» Extracted data:
────────────────────
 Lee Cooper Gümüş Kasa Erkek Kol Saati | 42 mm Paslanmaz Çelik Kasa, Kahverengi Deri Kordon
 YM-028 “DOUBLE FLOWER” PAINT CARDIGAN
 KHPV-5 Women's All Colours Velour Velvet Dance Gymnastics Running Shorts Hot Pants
────────────────────
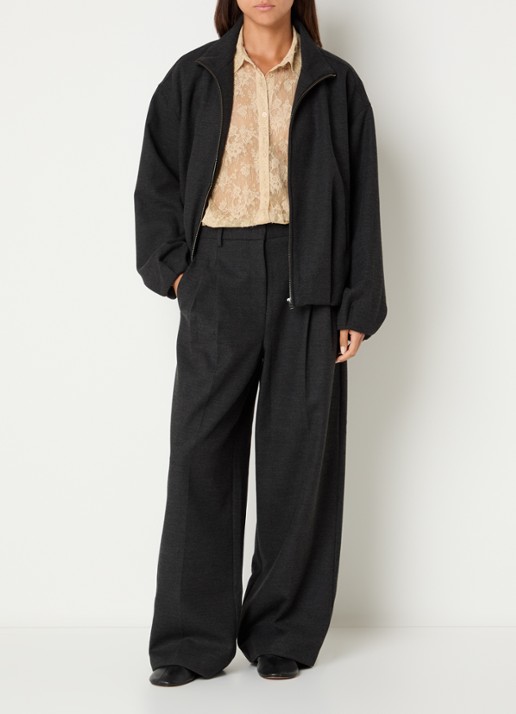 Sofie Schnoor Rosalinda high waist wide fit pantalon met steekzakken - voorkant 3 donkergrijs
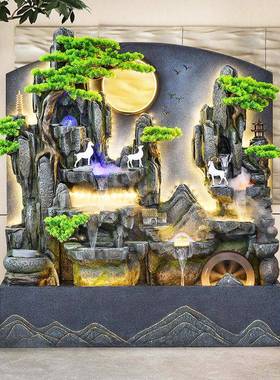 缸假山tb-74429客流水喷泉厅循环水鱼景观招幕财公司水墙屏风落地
────────────────────
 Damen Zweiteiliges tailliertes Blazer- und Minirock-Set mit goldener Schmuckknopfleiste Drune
────────────────────
» About this exercise: From the records above, print exactly the lines that run from the line with "Lee Cooper Gümüş" to the line with "KHPV-5 Women's All", inclusive.

» Answer space:
 Lee Cooper Gümüş Kasa Erkek Kol Saati | 42 mm Paslanmaz Çelik Kasa, Kahverengi Deri Kordon
 YM-028 “DOUBLE FLOWER” PAINT CARDIGAN
 KHPV-5 Women's All Colours Velour Velvet Dance Gymnastics Running Shorts Hot Pants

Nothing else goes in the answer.